» **EXERCISE INSTRUCTIONS**
A verbatim reproduction of the following listing is required; omit the pictures.

*** GIVEN MATERIAL ***

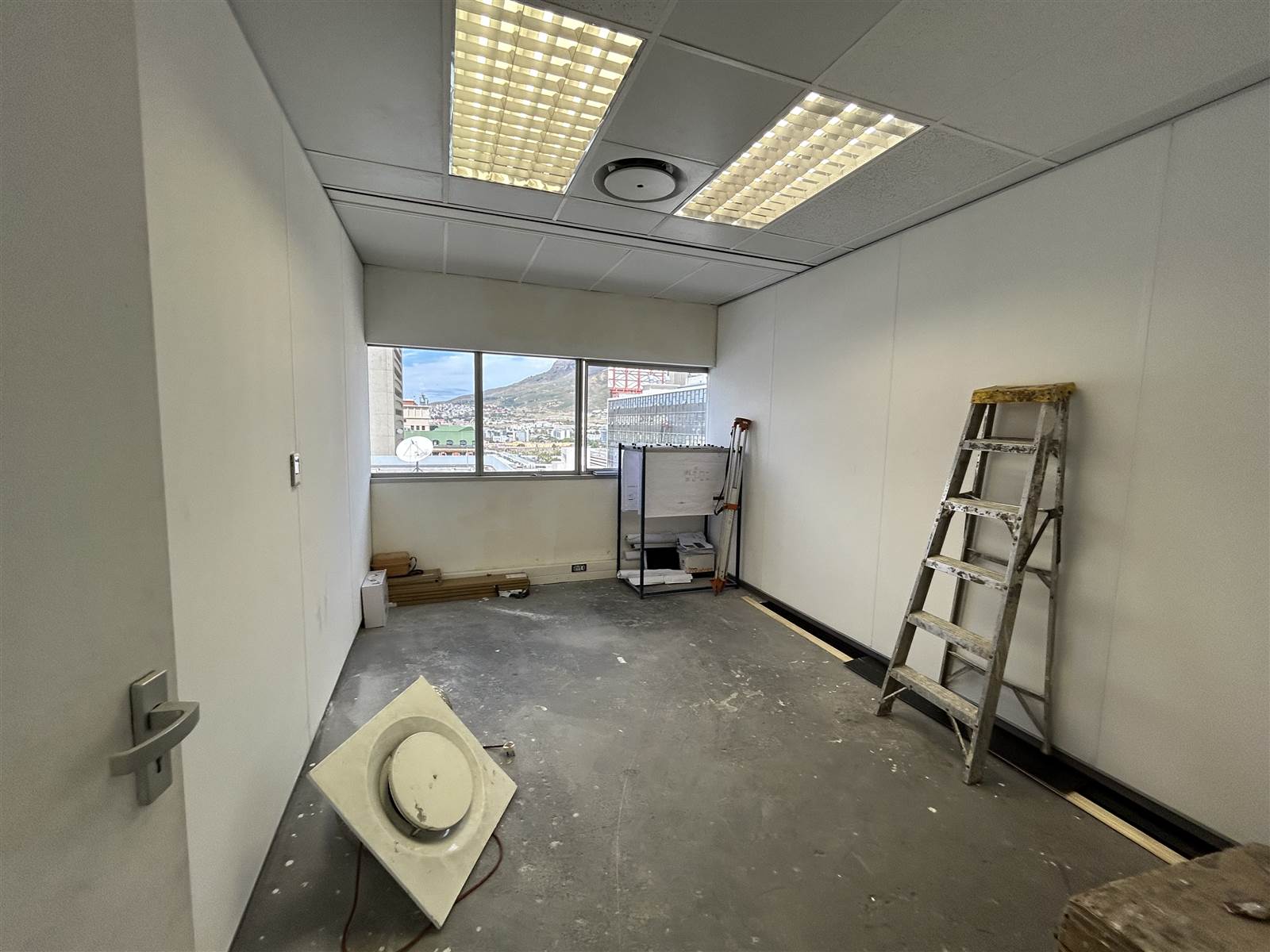 467  m² Commercial space in Cape Town City Centre photo number 8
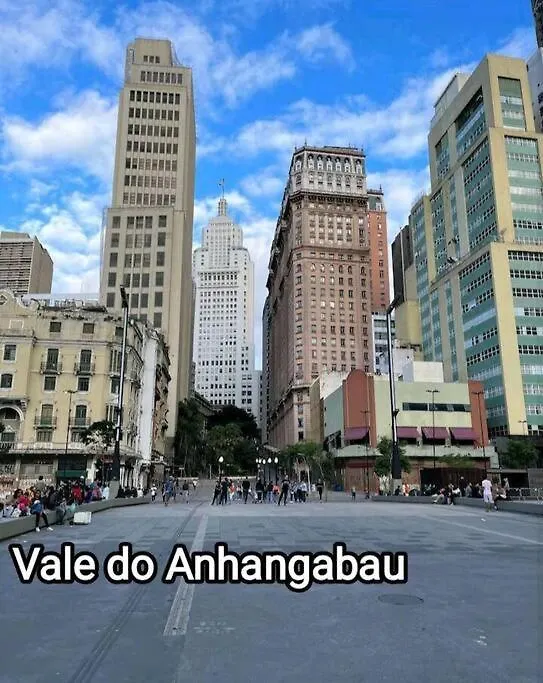 Apartamento Studio Black House Com Garagem Gratuita, Piscina, Ao Lado Do Metro E 25 De Marco São Paulo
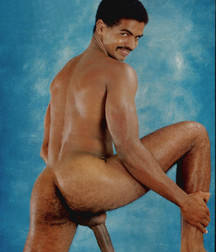 Asses to be eaten and cocks to be admired 5b3e2bd979bc7.jpg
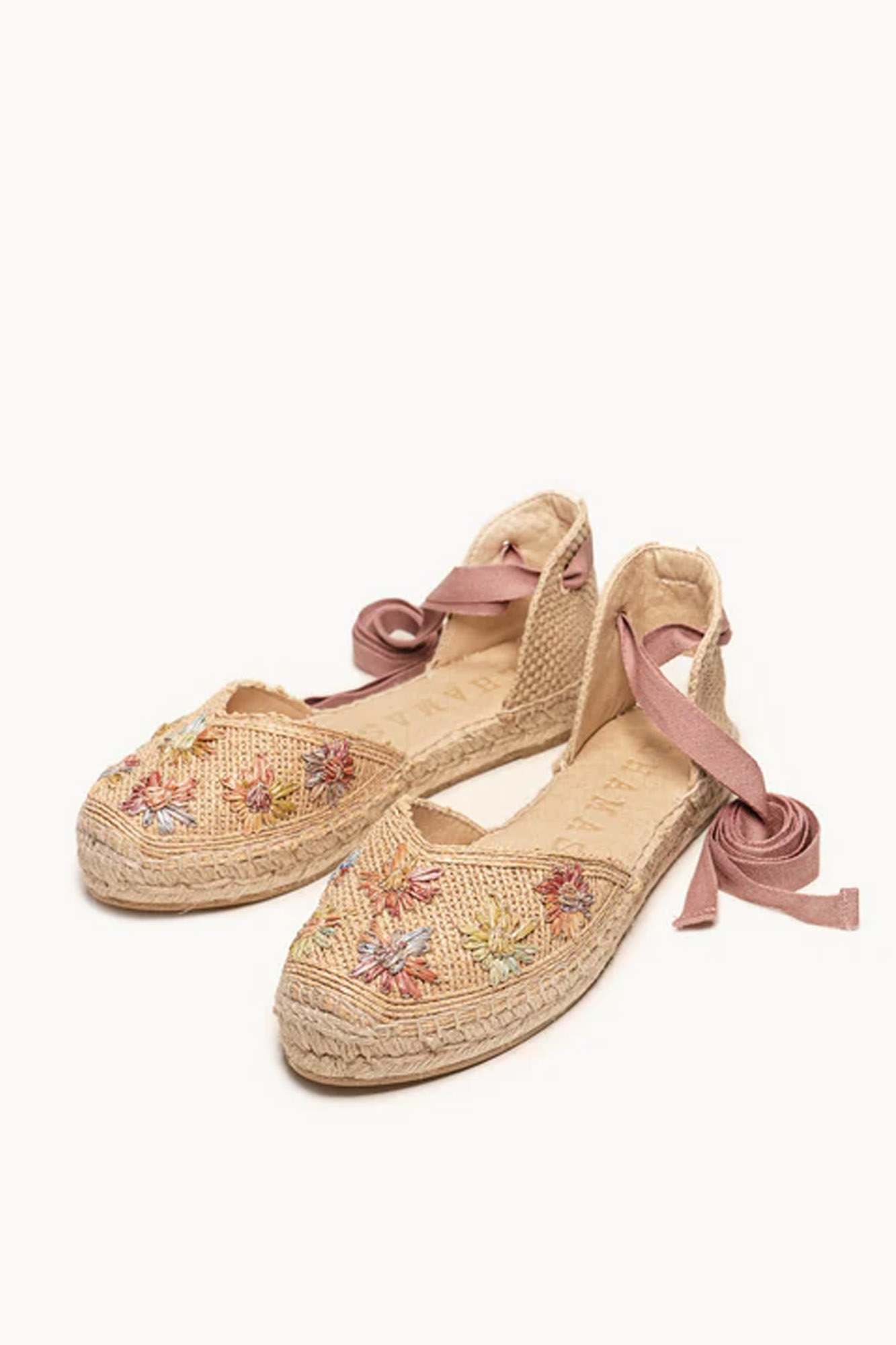 Alpargata plana de rafia con flores ROMERO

*** End of GIVEN MATERIAL ***

» **REPLY**
 467  m² Commercial space in Cape Town City Centre photo number 8
 Apartamento Studio Black House Com Garagem Gratuita, Piscina, Ao Lado Do Metro E 25 De Marco São Paulo
 Asses to be eaten and cocks to be admired 5b3e2bd979bc7.jpg
 Alpargata plana de rafia con flores ROMERO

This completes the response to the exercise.